Our Views: Help wanted on boards
One of the U.S. Senate’s leading promoters of public charter schools is Mary Landrieu of Louisiana.
“Despite the transformational impact of public charter schools, they are not a silver bullet,” Landrieu, a Democrat, nevertheless warned in The Times-Picayune. “To be successful, public charters must have strong oversight and talented, visionary leadership.”
That is, we believe, a key point as the state Department of Education seeks to create a New Orleans-style “Achievement Zone” that will take over and improve failing schools in north Baton Rouge.
As Landrieu noted, oversight by both the state and by the board of the charter school — typically, community volunteers — is vital to making sure schools are run well.
The state department has tightened oversight of charters, as some charter schools in New Orleans and elsewhere in the state have had management problems. Some have failed to meet academic improvement goals, or both problems have occurred.
With the state department promising transformation through charters in north Baton Rouge, expectations will be high. The burdens of managing and expanding schools will be shared between the schools’ educational leadership and volunteers on each charter school’s board.
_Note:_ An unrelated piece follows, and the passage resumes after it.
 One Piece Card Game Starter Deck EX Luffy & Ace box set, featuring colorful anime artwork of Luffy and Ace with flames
In a recent edition of the Louisiana Progress Journal, the organization’s director, Melissa Flournoy, noted the start-up of charter schools isn’t necessarily an easy task.
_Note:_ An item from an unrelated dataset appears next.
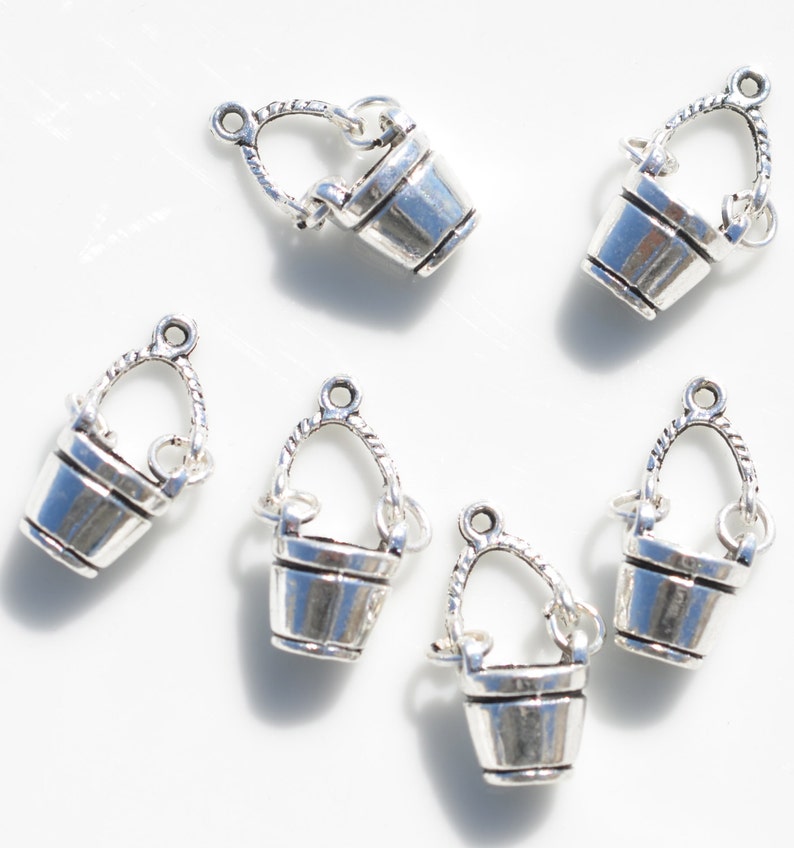 BULK 25 Bucket 3D Silver Tone Charms SC3912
“Based on the experience in New Orleans, starting successful new charter schools can take up to two years of planning, leadership recruitment and faculty selection, resource development, site selection, and student recruitment,” she wrote. “Most of the successful charter schools in New Orleans needed plenty of help from national organizations, charter management organizations and foundations to get a successful start.”
One of the New Orleans charter groups is the nationally known KIPP schools.
“The Knowledge is Power Program has demonstrated results in helping disadvantaged children learn and succeed. Their model of extended days, Saturday school, summer school and parent engagement works,” Flournoy said. “Unfortunately, there are only 100-plus KIPP schools in the country. The real issue is how to scale innovation.”
We believe Landrieu and Flournoy have identified questions people in Baton Rouge will have about the Achievement Zone.
Flournoy was the founder of the Louisiana Association of Nonprofit Organizations, so she is aware of the importance — and work involved — in finding the qualified volunteers to be effective board members for each school.
That is just one example of the task awaiting not only RSD officials but the larger community in Baton Rouge if the Achievement Zone is to be the success everyone wants it to be.